The story of B&B Elegance

Updated: 2026-07-05

B&B Elegance carries the initials of the two women who run it: Besire and Biondina, mother and daughter. Besire has worked with hair for more than 20 years, while Biondina specialized in facial treatments. One's experience combined with the other's specialization is why the salon covers both fields with confidence.

Two initials over one door

The name B&B Elegance did not come out of a marketing agency. The two letter Bs are two women: Besire and Biondina, mother and daughter. Besire has worked with hair for more than twenty years. Biondina specialized in facial treatments. Their family salon sits on Jakov Xoxa street, in the Muharrem Fejza area of Pristina.

That is the whole story, told in one breath. And that is exactly where this page parts ways with most salon texts you read online. You will not find invented scenes here, no dates rounded off for effect, no quotes that nobody ever said. The facts are few and they are true. What deserves explanation is not a founding fable but what those facts mean for you as a client: what more than twenty years with hair in your hands actually amounts to, how a craft passes from mother to daughter, and why a family name over the door changes how the work gets done.

What more than twenty years with hair actually teaches

There is no shortcut to experience in hairdressing.
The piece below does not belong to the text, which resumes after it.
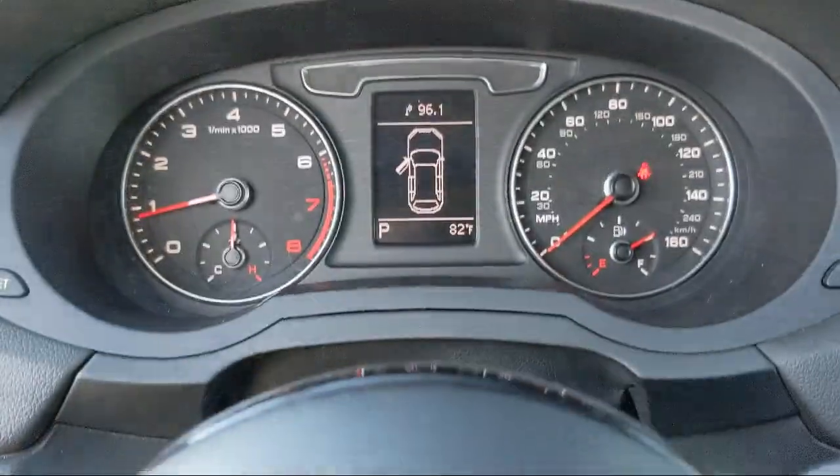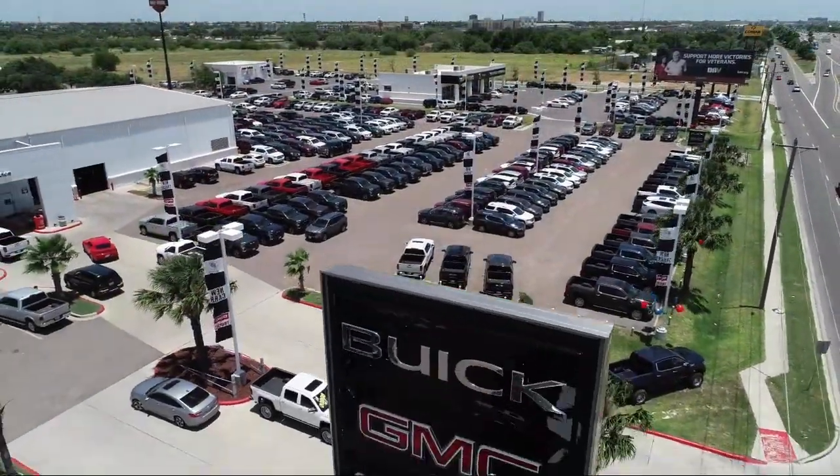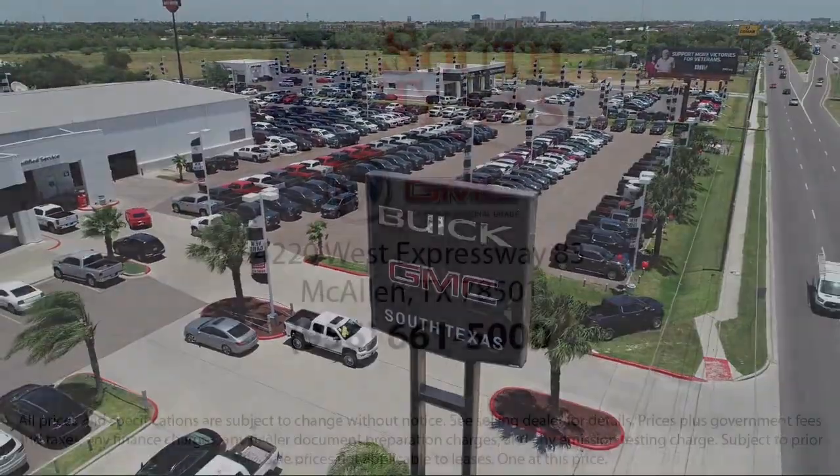South Texas Buick GMC — we're not the biggest, just the best. Come see us today at 4220 West Expressway 83 in McAllen.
A course lasts a few months. A new technique can be picked up in weeks. But the ability to read hair, to know at the first touch what it will take and what it will not, comes only from the number of heads that have passed through your hands. More than twenty years of work means thousands of clients. Fine hair that will not hold volume. Thick hair that resists color. Curls that behave one way in dry weather and another way when it rains. Hair worn down by one bleaching after another.

That experience counts most where a mistake costs most: color. Anyone who has scrolled the beauty groups on Facebook has seen the posts. Someone tried a home bleach and the hair came out orange. Someone got a balayage at a busy salon in a hurry and the lines came out hard instead of blended. Repairing a failed color is the most difficult job in this craft, because the hairdresser is no longer working with untouched hair but with a chemical history that has to be read correctly. How much more bleach can this hair take? Should the second step wait a few weeks? Those calls are not made from TikTok videos. They are made from experience, and experience is measured in years.

There is another test that only time can run: trends. Anyone with more than twenty years in this work has watched fashions arrive and leave. The hard perms, the chunky highlights of the early two thousands, the era of flat ironing every single morning, then ombre, then balayage, then the return of natural waves. A young hairdresser learns the technique of the moment. An experienced one has seen what every fashion leaves behind: damaged hair where the technique was done badly, and regret where the trend never suited the face in the first place. So the value of the years is not nostalgia. It is the ability to say honestly: what you are looking at on Instagram will not come out the same on your hair, and here is why.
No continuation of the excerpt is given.